::: Records for this exercise

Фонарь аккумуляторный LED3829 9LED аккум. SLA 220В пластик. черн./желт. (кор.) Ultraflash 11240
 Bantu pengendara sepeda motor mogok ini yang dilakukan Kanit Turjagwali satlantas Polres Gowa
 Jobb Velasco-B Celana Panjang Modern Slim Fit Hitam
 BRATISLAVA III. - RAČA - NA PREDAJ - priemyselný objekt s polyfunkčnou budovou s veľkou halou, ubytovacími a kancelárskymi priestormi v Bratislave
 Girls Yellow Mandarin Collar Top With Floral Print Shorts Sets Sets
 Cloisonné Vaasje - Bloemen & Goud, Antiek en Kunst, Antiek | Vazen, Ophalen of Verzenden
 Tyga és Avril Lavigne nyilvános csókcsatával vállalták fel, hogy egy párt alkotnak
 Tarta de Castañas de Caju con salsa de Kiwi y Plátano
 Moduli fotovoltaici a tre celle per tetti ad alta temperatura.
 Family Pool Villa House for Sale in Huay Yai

::::::

Exercise description:
The listing above should be printed again in full, unchanged.

The answer:
Фонарь аккумуляторный LED3829 9LED аккум. SLA 220В пластик. черн./желт. (кор.) Ultraflash 11240
 Bantu pengendara sepeda motor mogok ini yang dilakukan Kanit Turjagwali satlantas Polres Gowa
 Jobb Velasco-B Celana Panjang Modern Slim Fit Hitam
 BRATISLAVA III. - RAČA - NA PREDAJ - priemyselný objekt s polyfunkčnou budovou s veľkou halou, ubytovacími a kancelárskymi priestormi v Bratislave
 Girls Yellow Mandarin Collar Top With Floral Print Shorts Sets Sets
 Cloisonné Vaasje - Bloemen & Goud, Antiek en Kunst, Antiek | Vazen, Ophalen of Verzenden
 Tyga és Avril Lavigne nyilvános csókcsatával vállalták fel, hogy egy párt alkotnak
 Tarta de Castañas de Caju con salsa de Kiwi y Plátano
 Moduli fotovoltaici a tre celle per tetti ad alta temperatura.
 Family Pool Villa House for Sale in Huay Yai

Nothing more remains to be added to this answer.